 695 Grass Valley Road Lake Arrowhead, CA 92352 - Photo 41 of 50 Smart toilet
---
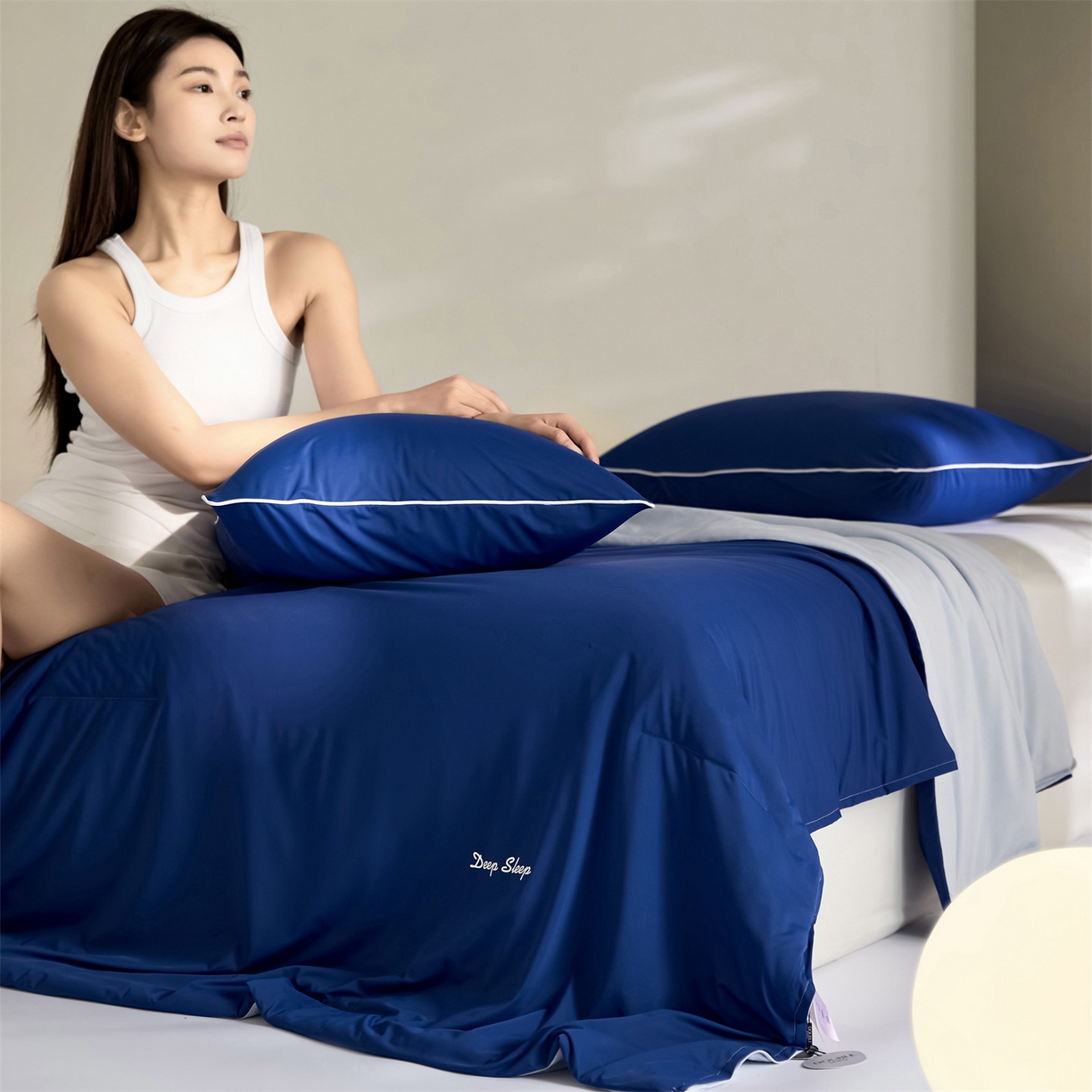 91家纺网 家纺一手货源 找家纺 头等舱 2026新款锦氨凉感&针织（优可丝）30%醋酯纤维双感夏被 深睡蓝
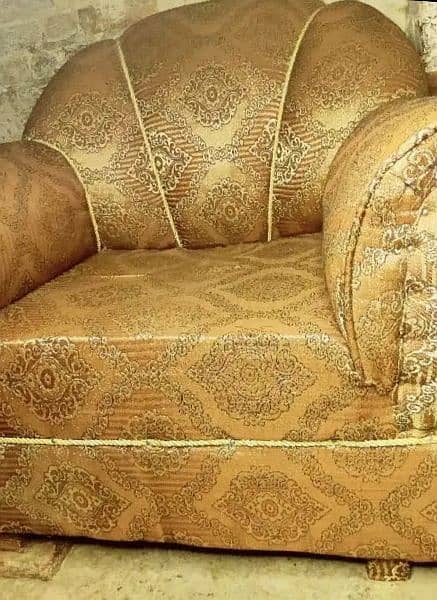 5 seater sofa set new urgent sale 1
==
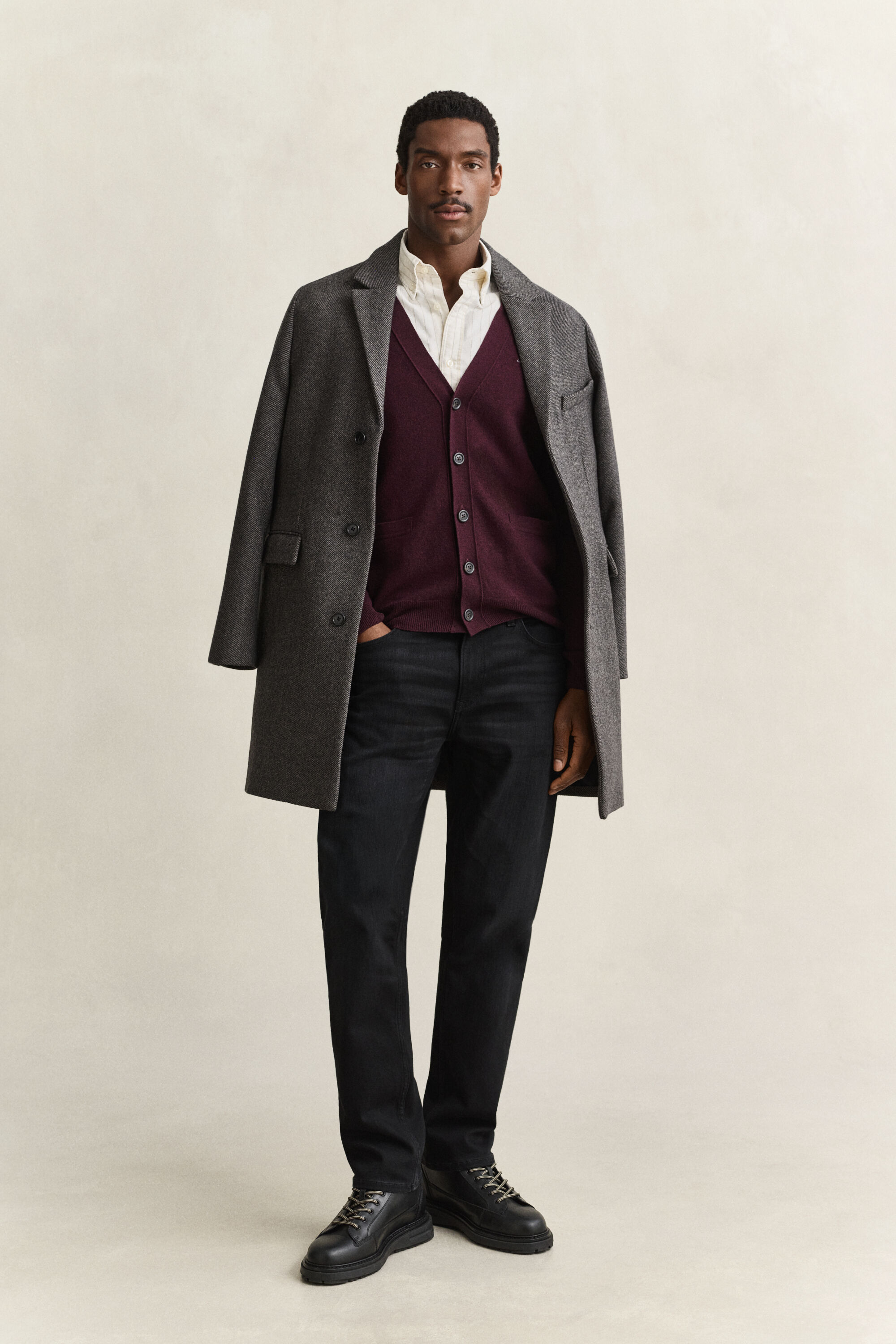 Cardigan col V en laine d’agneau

» **Try it**: In the listing above, find the line containing "91家纺网 家纺一手货源 找家纺" and the line containing "5 seater sofa set new urgent sale 1". Print those two lines and every line between them exactly, with no pictures.

» **Answer to the problem**:
 91家纺网 家纺一手货源 找家纺 头等舱 2026新款锦氨凉感&针织（优可丝）30%醋酯纤维双感夏被 深睡蓝
 5 seater sofa set new urgent sale 1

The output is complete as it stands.